What Money Can’t Buy: Different Patterns in Decision Making About Sex and Money Predict Past Sexual Coercion Perpetration

Autor: Joanne-Lucine Rouleau, Gaëlle Cyr, Fannie Carrier Emond, Jean Gagnon, Kevin Nolet
Rok vydání: 2017
Předmět:
Zdroj: Archives of Sexual Behavior. 47:429-441
ISSN: 1573-2800
0004-0002
DOI: 10.1007/s10508-017-1116-0
Popis: Self-reported impulsivity has been found to predict the perpetration of sexual coercion in both sexual offenders and male college students. Impulsivity can be conceptualized as a generalized lack of self-control (i.e., general perspective) or as a multifaceted construct that can vary from one context to the other (i.e., domain-specific perspective). Delay discounting, the tendency to prefer sooner smaller rewards over larger delayed rewards, is a measure of impulsive decision making. Recent sexual adaptations of delay discounting tasks can be used to test domain-specific assumptions. The present study used the UPPS-P impulsivity questionnaire, a standard money discounting task, and a sexual discounting task to predict past use of sexual coercion in a sample of 98 male college students. Results indicated that higher negative urgency scores, less impulsive money discounting, and more impulsive sexual discounting all predicted sexual coercion.

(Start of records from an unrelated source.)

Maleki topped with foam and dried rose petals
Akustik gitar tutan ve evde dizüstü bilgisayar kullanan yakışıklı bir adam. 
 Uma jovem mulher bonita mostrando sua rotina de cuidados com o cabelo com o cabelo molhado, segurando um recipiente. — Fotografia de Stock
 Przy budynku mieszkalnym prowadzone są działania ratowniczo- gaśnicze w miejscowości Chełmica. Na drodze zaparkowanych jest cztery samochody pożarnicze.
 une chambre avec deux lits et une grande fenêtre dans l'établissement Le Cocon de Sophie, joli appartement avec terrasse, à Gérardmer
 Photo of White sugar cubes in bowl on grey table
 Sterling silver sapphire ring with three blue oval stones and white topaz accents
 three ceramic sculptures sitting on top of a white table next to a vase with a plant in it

Consistent with previous studies, sexuality was discounted more steeply than money by both perpetrators and non-perpetrators of sexual coercion, but this difference was twice as large in perpetrators compared to non-perpetrators. Our study identified three different predictors of sexual coercion in male college students: a broad tendency to act rashly under negative emotions, a specific difficulty to postpone sexual gratification, and a pattern of optimal non-sexual decision making. Results highlight the importance of using multiple measures, including sexuality-specific measures, to get a clear portrait of the links between impulsivity and sexual coercion.